Clara tornou-se uma menina solitária e supersensível e sua gagueira era motivo de diversão constante para as outras meninas do bairro. Seu único amigo era um garoto chamado Johnny que morava no mesmo prédio. Ele se tornou seu irmão imaginário, que ela protegia quando os outros meninos o importunavam. Um dia, ouviu subitamente gritos pavorosos vindos do apartamento de Johnny. Clara desceu correndo e o encontrou em chamas gritando seu nome em agonia. Ela o enrolou em um tapete. Ele morreu em seus braços. A morte terrível de Johnny deixou Clara sozinha mais uma vez. Na sua vida solitária, só havia um lugar aonde Clara podia ir e esquecer a miséria do seu lar e as mágoas de sua existência. Era no cinema.

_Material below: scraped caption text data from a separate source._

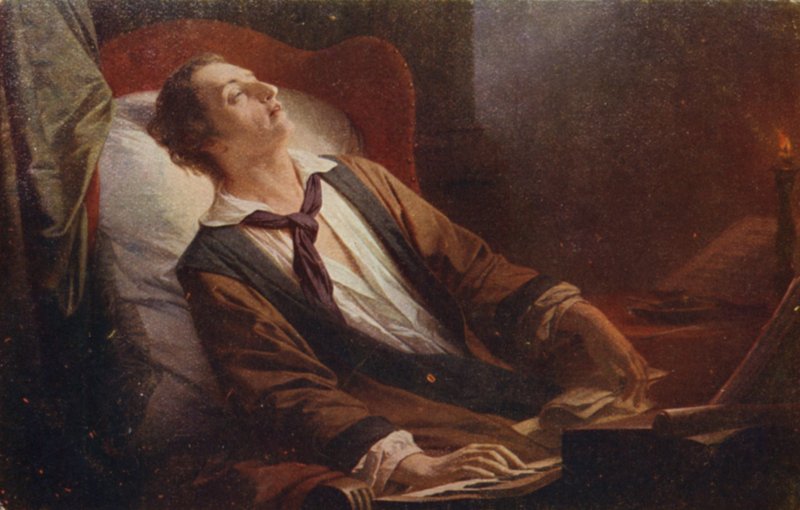 Porträt von Carl Maria von Weber von German School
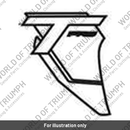 Decal 1, Tank, GT, LH, Satin White (T2317811)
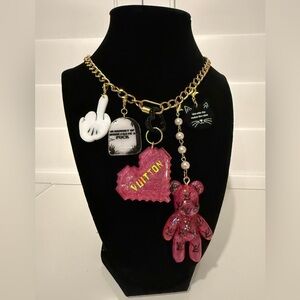 LV Digital Heart charm (handmade by 🙋🏾‍♀️)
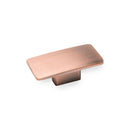 Camden Rectangular Knob Antique Copper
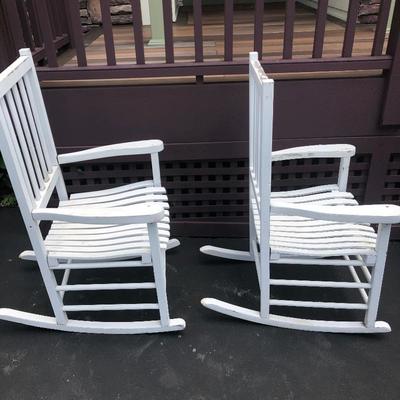 Lot 181 - Pair of Rockers and Kids Chair
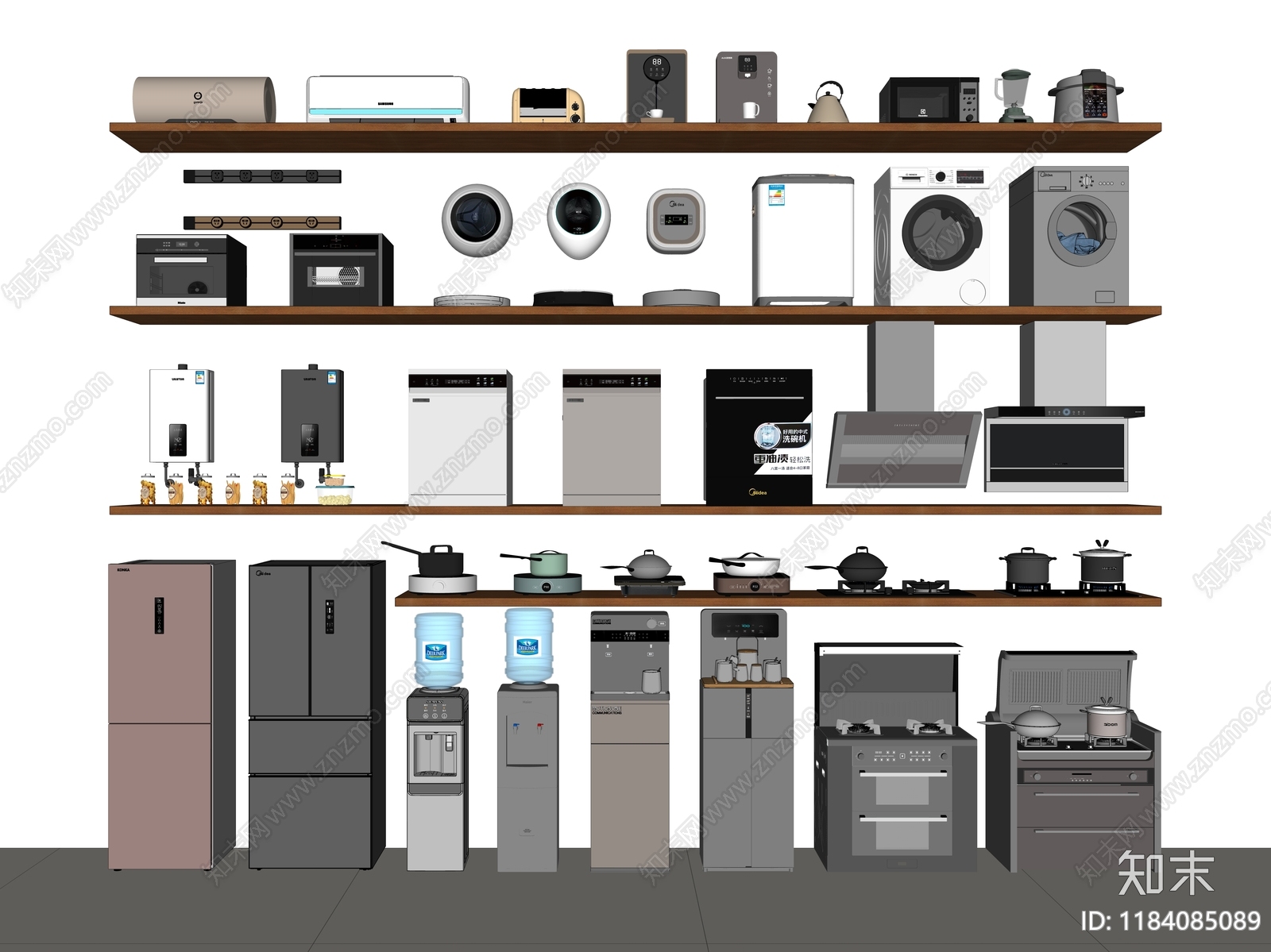 家用电器组合SU模型下载【ID:1184085089】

Clara não estava somente fascinada pelo novo meio de expressão, mas achava que ele lhe traria fama, adulação e, mais importante do que tudo, amor. Aos dezesseis anos de idade, decidiu que iria ser artista de cinema. Nesta ocasião, sua mãe caiu de uma janela do segundo andar da casa onde moravam e sofreu uma lesão na cabeça, que lhe deixou sequelas como confusão, alucinações, paranóia e comportamento agressivo. Ao saber que sua filha vinha tentando uma carreira no cinema, Sarah lhe disse que preferia ver a filha morta e que poderia matá-la.

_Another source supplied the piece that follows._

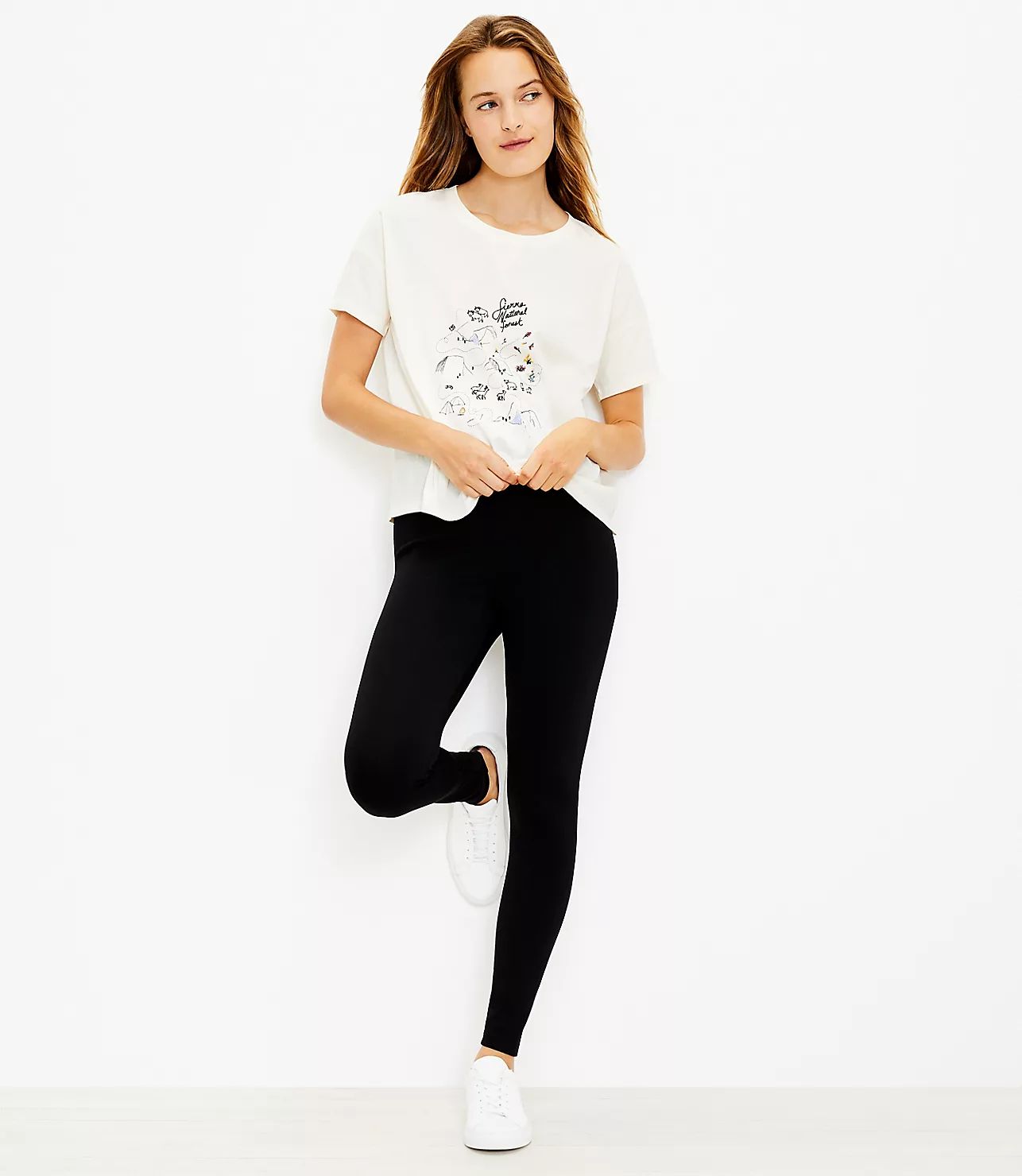 Lou & Grey High Waist Ponte Leggings | LOFT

A grande chance de Clara surgiu quando, no outono de 1921, ela venceu o concurso nacional da revista Brewster chamado “Fame and Fortune” com sua presença encantadora e fotogênica. No escritório da Brewster, conheceu o diretor Christy Cabane, que a escalou para o papel de um rapazinho no filme Para Fazer Ciúmes / Beyond the Rainbow, estrelado pela corista do Ziegfeld Follies Billie Dove, uma das beldades da época. Até então a violenta oposição de Sarah à carreira de Clara no cinema limitava-se a ameaças verbais, mas quando Clara terminou seu trabalho em Para Fazer Ciúmes, Sarah passou das palavras aos atos. Despertando uma noite de um sono profundo, Clara assustou-se ao ver sua mãe pairando sobre ela com uma faca na mão e dizendo que ia matá-la. Sara levantou a faca para atingir o pescoço de Clara e então desmaiou. Por conta deste episódio, Robert internou sua esposa em um sanatório.

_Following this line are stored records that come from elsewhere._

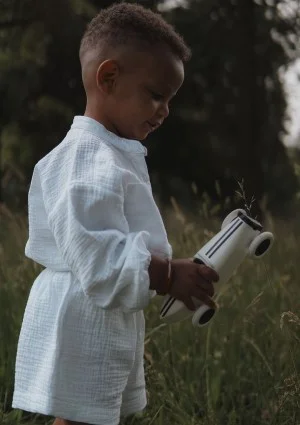 Palma - White muslin kids shirt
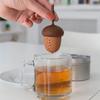 Силиконовый заварник для чая в виде желудя, мягкий фильтр для чайного пакетика, чайная посуда, ситечко для чая в виде желудя, послеобеденный чай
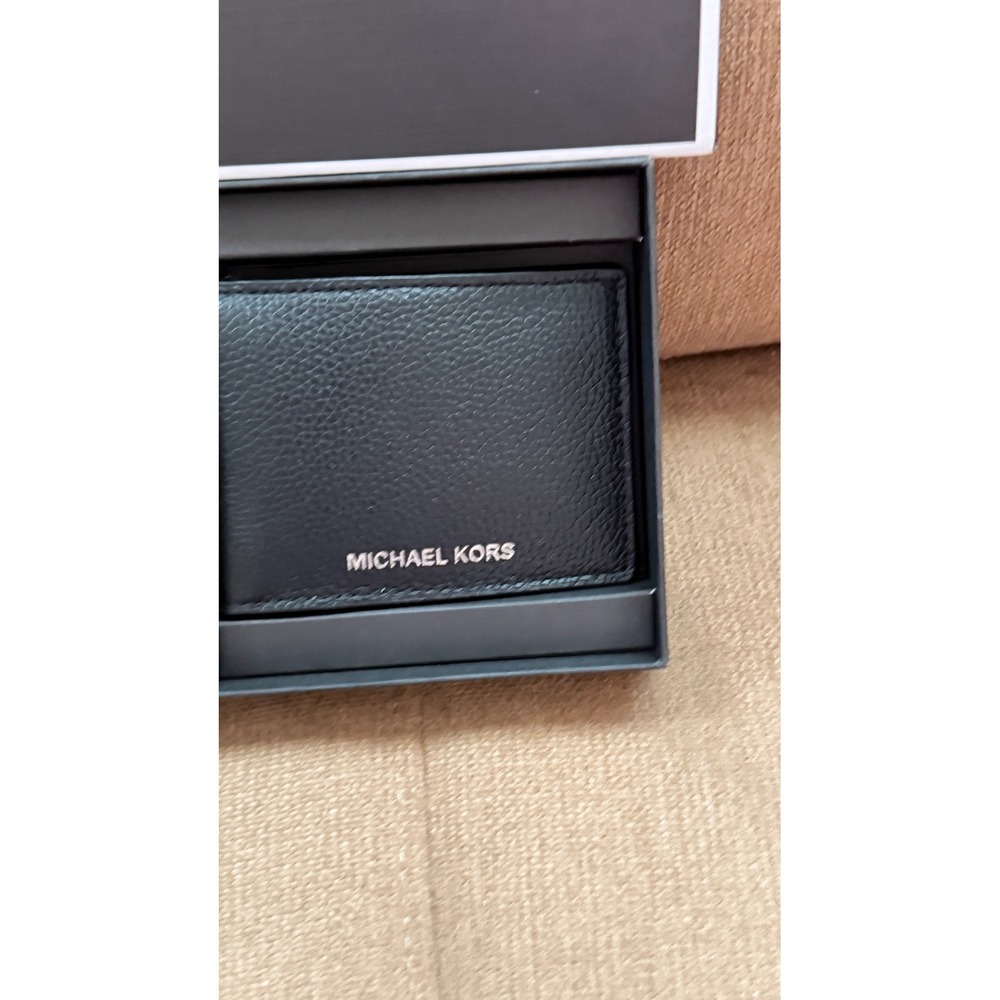 Michael Kors Mens 3-in-1 Wallet Box Set Black Leather 36U0LGFF1L NEW - Picture 7 of 11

Para Fazer Ciúmes estreou em 19 de fevereiro de 1922 sem uma única tomada de Clara, porque Cabanne achou que a presença de muitos personagens complicava o enredo e perturbava o ritmo do filme e resolveu cortar vários atores. Porém Clara teve nova oportunidade ao ser contratada para um papel em Rumo ao Mar / Down to the Sea in Ships e depois, sem ser creditada (aparecendo como uma garota dançando em cima de uma mesa), em Inimigos das Mulheres / Enemies of Women, ambos lançados em 1923 e dirigidos respectivamente por Elmer Clifton e Alan Crosland.

Ainda em 1923, Clara trabalhou em O Corajoso / Grit (Dir: Frank Tuttle), que lhe proporcionou seu melhor papel até então. O filme era fraco, mas ela impressionou Tuttle por sua capacidade de expressar emoção com a maior facilidade. Na filmagem desta história escrita por F. Scott Fitzgerald, Clara conheceu seu primeiro namorado, o operador de câmera Arthur Jacobson e Jack Bachman, funcionário da Preferred Pictures, produtora independente, fundada por B. P. Schulberg e sediada em Hollywood.

Clara em Os Bois Pretos

Depois de fazer um papel secundário em Mocidade Cega / The Daring Years (Dir: Kenneth Webb), Clara foi para Hollywood onde, ainda em 1923, fez Amores de Primavera / Maytime (Dir: Louis Gasnier) para a  Preferred e depois, quase sempre, foi emprestada para produções modestas  de outros estúdios: 1924 – Os Bois Pretos ou O Que As Mulheres Querem / Black Oxen (Dir: Frank Lloyd); Paraiso Envenenado / Poisoned Paradise (Dir: Louis Gasnier); Filhas do Prazer / Daughters of Pleasure (Dir: William Beaudine); Os Filhos de Helena / Helen´s Babies (Dir: William A. Seiter);  Vinho Capitoso / Wine  (Dir: Louis Gasnier); Corações Esgotados / Empty Hearts (Dir: Alfred Santell); Esta Mulher / This Woman (Dir: Phil Rosen ); Relâmpago Negro / Black Lightning (Dir: James Hogan). 1925 – Sexo Aventureiro / The Adventurous Sex (Dir: Charles Giblyn); Pena de Morte / Capital Punishment (Dir: James Hogan); Os Lábios de Minha Mulher / My Lady´s Lips (Dir: James Hogan); Uma Aventura Gloriosa / Eve´s Lover (Dir: Roy Del Ruth); Sob Amparo da Lei / The Lawful Cheater (Dir: Frank O´Connor); Calvário de Amor / The Scarlet West (Dir: John G. Adolfi).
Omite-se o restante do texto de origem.